Rat lung alveolar type II cell line maintains sodium transport characteristics of primary culture

• Published in: Journal of cellular physiology Vol. 169; no. 1; pp. 78 - 86
• Main Authors: Michaut, Patrick, Planes, Carole, Escoubet, Brigitte, Clement, Annick, Amiel, Claude, Clerici, Christine
• Format: Journal Article
• Language: English
• Published: Hoboken Wiley Subscription Services, Inc., A Wiley Company 01.10.1996
• Subjects: Amiloride - pharmacology; Amino Acid Transport Systems; Amino Acid Transport Systems, Neutral; Animals; Biological Transport; Carrier Proteins - metabolism; Cell Line; Cells, Cultured; Culture Media - pharmacology; Epithelial Cells; Epithelium - metabolism; Membrane Glycoproteins - metabolism; Monosaccharide Transport Proteins - metabolism; Pulmonary Alveoli - cytology; Pulmonary Alveoli - metabolism; Rats; Rats, Sprague-Dawley; Sodium - metabolism; Sodium Channels - drug effects; Sodium Channels - metabolism; Sodium-Glucose Transporter 1; Sodium-Phosphate Cotransporter Proteins; Sodium-Phosphate Cotransporter Proteins, Type II; Sodium-Potassium-Chloride Symporters; Sodium-Potassium-Exchanging ATPase - metabolism; Symporters
• ISSN: 0021-9541; 1097-4652
• DOI: 10.1002/(SICI)1097-4652(199610)169:1<78::AID-JCP8>3.0.CO;2-B

Culture of primary alveolar type II cells has been widely used to investigate the Na+ transport characteristics of alveolar epithelium.

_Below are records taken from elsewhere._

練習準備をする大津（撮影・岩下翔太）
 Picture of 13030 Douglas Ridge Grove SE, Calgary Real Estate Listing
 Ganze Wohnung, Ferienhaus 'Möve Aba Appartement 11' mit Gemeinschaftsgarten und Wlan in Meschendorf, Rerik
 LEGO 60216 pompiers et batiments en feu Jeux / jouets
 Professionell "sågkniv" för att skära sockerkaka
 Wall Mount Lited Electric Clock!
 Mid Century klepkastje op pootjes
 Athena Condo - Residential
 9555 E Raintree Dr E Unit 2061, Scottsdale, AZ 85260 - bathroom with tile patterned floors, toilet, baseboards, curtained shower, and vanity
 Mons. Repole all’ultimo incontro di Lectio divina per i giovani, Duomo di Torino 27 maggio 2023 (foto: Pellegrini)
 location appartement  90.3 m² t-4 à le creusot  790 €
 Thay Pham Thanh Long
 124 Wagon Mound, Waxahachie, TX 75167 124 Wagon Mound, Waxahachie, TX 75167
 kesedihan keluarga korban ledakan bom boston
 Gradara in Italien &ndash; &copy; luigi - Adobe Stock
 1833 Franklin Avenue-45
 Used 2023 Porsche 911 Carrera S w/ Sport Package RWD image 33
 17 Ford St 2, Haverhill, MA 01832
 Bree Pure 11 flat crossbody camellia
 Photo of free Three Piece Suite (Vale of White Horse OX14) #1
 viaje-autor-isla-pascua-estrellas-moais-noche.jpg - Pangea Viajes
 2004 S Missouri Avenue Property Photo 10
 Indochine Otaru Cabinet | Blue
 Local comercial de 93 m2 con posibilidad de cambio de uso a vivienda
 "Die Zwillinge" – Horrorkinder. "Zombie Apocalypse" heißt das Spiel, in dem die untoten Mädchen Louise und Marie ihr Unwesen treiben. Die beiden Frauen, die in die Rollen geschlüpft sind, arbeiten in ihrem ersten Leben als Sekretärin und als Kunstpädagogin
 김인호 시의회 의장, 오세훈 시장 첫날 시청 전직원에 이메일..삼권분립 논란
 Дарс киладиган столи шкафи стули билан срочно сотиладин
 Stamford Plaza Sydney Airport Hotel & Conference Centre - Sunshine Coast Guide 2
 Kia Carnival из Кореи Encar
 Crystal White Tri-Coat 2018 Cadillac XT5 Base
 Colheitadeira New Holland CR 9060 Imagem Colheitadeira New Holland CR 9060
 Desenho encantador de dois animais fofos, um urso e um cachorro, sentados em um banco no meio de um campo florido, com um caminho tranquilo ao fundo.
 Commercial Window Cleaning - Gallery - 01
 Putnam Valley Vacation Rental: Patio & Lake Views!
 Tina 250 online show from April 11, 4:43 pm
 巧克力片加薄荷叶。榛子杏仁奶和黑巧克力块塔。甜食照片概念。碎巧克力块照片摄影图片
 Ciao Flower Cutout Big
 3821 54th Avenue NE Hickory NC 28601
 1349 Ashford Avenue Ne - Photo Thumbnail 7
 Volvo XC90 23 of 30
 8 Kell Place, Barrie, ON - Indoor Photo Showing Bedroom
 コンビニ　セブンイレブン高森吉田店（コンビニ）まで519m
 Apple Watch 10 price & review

However, this model was restricted by early morphological and physiological dedifferentiation in culture. Recently, a cell line has been obtained by transfection of neonatal type II cells with the simian virus SV40 large T antigen gene (SV40‐T2). SV40‐T2 cells have retained proliferative characteristics of the primary type II cells (Clement et al., 1991, Exp. Cell Res., 196:198–205.) In the present study, we have characterized Na+ transport pathways in SV40‐T2 cells. SV40‐T2 cells retained most cardinal properties of the original alveolar epithelial cells. Na+ entry occurred, as in primary cultures, through both Na+‐cotransporters and amiloride‐sensitive Na+ channels. SV40‐T2 cells expressed Na+‐phosphate, Na+‐amino acid and Na+‐K+‐Cl− cotransports which are quantitatively similar to that of primary cultures. The existence of amiloride‐sensitive Na+ channels was supported by molecular and functional data. SV40‐T2 expressed the cloned α‐and γ‐mRNAs for the rat epithelial Na+ channel (rENaC), whereas β subunit was not detected, and 22Na+ influx was significantly inhibited by 10 μM amiloride. Na+, which enters SV40‐T2 cells, is extruded through a Na+, K+‐ATPase: mRNA for α1 and β1 isoforms of Na+, K+‐ATPase were present and Na+, K+‐ATPase activity was evidenced either on intact cells by the presence of a ouabain‐sensitive component of 86Rb+ influx or on cell homogenates by the measurement of ouabain‐inhibitable ATP hydrolysis. These results indicate that SV40‐T2 cell line displays most of the Na+ transport characteristics of well‐differentiated primary cells in the first days of culture. We conclude that the SV40‐T2 cell line provides a model of differentiated alveolar type II cells and may be a powerful tool to study, in vitro, the modulation of Na+ transport in pathophysiological conditions. © 1996 Wiley‐Liss, Inc.